Darkening prospects for second-quarter growth

According to materials released by the Federal Reserve Bank of Atlanta on Sunday, the bank’s GDPNow economic model adjusted the projected rate at which the US economy will grow in the second quarter to -2.1%. This is the second time the bank has lowered its projection, after adjusting it from 0.7% on June 28 to -1.0% on June 30.

The US posted a growth rate of -1.6% in the first quarter of this year. An economic recession is generally defined as two consecutive quarters of negative growth.

On the same day, investment bank JP Morgan Chase revised its projection for the US’ growth rate in the second quarter from 2.5% to 1.0%.

That downgrade reflected a considerable slowdown in business. The US Institute of Supply Management reported a purchasing managers’ index for the manufacturing industry of 53.0 in June. That’s the lowest level since June 2020 (52.4), showing just how bad economic sentiment is in the industry.

On the same day, the US Department of Commerce said that construction spending in May had declined 0.1% from the previous month.

All that makes it likely that Korea’s economic growth rate will be lower than previously forecasted.

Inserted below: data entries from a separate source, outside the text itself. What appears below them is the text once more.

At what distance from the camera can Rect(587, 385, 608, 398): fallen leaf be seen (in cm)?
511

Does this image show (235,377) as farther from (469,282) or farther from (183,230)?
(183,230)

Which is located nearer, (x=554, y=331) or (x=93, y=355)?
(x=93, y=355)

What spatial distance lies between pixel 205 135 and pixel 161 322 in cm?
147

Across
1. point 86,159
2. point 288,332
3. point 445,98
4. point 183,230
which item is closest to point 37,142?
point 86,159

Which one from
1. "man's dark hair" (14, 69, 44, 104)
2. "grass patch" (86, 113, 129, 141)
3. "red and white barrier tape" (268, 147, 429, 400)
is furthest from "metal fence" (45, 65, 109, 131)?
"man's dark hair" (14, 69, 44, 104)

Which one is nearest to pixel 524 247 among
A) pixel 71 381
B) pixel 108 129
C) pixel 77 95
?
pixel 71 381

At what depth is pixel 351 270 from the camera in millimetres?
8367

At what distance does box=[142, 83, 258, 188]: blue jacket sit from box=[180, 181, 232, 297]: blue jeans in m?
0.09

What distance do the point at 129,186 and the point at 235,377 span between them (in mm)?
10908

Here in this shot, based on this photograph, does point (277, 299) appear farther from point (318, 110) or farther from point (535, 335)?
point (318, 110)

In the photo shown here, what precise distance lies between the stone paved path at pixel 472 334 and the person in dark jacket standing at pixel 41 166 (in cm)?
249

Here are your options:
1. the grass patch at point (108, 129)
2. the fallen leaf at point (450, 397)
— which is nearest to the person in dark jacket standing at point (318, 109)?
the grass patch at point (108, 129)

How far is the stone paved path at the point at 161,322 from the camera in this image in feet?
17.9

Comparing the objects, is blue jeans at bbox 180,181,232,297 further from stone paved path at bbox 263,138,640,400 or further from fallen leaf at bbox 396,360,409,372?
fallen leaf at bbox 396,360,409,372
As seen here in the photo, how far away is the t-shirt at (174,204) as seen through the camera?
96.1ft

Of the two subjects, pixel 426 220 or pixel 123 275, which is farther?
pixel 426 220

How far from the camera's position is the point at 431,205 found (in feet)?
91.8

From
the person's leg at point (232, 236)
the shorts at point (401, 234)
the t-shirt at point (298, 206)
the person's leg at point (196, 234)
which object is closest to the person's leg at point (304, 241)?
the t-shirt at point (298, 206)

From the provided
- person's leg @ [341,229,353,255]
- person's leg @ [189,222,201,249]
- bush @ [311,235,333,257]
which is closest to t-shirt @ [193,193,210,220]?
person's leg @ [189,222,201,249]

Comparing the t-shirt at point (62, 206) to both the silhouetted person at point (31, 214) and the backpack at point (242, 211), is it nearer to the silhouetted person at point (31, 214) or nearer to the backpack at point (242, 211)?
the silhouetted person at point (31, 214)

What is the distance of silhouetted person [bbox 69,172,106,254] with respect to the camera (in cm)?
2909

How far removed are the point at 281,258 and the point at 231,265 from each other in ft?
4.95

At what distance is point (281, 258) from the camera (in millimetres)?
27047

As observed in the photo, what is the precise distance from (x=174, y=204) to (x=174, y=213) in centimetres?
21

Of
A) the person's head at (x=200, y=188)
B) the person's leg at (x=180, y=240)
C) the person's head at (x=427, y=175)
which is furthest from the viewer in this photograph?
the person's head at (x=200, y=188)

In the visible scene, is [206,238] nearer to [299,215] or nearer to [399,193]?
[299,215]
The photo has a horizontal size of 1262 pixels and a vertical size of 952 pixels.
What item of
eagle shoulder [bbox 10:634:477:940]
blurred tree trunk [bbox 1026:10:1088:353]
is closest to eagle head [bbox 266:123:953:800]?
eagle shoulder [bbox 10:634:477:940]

In its revised economic projections in May, the Bank of Korea said that Korea would post a GDP growth rate of 2.7% for the year. But those calculations assumed a US growth rate of 2.9%. Back in mid-June, the US Federal Reserve lowered its growth rate projection for the year to 1.7%.

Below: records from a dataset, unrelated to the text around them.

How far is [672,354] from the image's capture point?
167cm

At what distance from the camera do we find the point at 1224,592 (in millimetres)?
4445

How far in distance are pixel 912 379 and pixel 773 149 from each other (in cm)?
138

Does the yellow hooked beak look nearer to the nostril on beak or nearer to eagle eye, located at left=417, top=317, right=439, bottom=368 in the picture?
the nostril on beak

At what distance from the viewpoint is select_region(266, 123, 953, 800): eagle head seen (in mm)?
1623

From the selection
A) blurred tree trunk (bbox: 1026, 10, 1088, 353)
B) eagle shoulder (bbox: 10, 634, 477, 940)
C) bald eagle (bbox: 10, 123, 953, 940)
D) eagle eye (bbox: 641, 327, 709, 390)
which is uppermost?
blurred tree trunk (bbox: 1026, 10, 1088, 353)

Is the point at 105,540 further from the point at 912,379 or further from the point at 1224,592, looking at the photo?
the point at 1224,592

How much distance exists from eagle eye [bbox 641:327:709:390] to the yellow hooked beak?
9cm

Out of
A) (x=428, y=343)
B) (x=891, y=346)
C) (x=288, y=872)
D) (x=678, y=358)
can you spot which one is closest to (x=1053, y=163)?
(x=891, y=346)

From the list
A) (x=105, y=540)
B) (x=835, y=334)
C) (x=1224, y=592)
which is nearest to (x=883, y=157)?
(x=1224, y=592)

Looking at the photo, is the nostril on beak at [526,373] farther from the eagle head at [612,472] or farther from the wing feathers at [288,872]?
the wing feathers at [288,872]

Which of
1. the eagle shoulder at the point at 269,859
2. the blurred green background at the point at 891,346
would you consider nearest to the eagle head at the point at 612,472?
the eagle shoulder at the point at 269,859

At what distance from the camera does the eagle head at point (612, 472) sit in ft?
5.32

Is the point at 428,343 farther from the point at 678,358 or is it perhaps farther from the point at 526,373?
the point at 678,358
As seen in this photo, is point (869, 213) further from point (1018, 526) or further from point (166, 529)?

“Our projections are that the US’ growth trend will slow considerably since economic activity has been rapidly faltering since May. Major institutions predict that [the US’ growth rate] next year will fall to its potential growth rate,” the Bank of Korea said in a report published on Sunday.

“We need to prepare preemptively for the possibility that a shock originating overseas will go beyond the price of goods and the financial market to the real economy, including exports and investment, given our economy’s characteristic reliance on foreign trade,” said Minister of Economy and Finance Choo Kyung-ho in an emergency meeting of economic ministers Sunday.

Softish landing looking increasingly difficult

Eyes are turning to the Fed’s next steps. While the Fed has maintained that a softish landing is possible, the economic forecast is gradually becoming bleaker.

If prices don’t stabilize and the Fed adopts a tougher contractionary policy in the second half of the year, the impact is expected to be substantial. Factors reinforcing that negative forecast are continuing supply disruptions resulting from the war in Ukraine and China’s “zero-COVID” policy, as well as the fact that expected inflation rates, both in the short and long term, remain high.

“If insecurity about the price of goods spreads while expected inflation coalesces at a high level, preventing that will necessitate an intense degree of monetary tightening. That’s also expected to have a major knock-on effect on employment and growth,” the Bank of Korea said.

In a report published on Tuesday, the US Congressional Research Service mentioned the possibility of a “double-dip recession,” with the economy reverting to recession following a previous downturn in 2020.

When the inflation rate is high and the Fed is raising rates, as it is right now, a hard landing is more typical than a soft one, the CRS said. The report also mentioned stagflation, considering that the correlation between inflation and the unemployment rate weakens when expected inflation remains stubbornly high.

Others are concerned that market uncertainty over monetary policy has increased. Market projections have recently been out of step with the Fed’s course on interest rates.

While the market expects the Fed to begin lowering the benchmark rate next year, the Fed’s “dot plot” released last month predicted the rate will start to fall in 2024.

“We’re seeing the possibility of a crisis in confidence about Fed policy in the market,” said the Bank of Korea.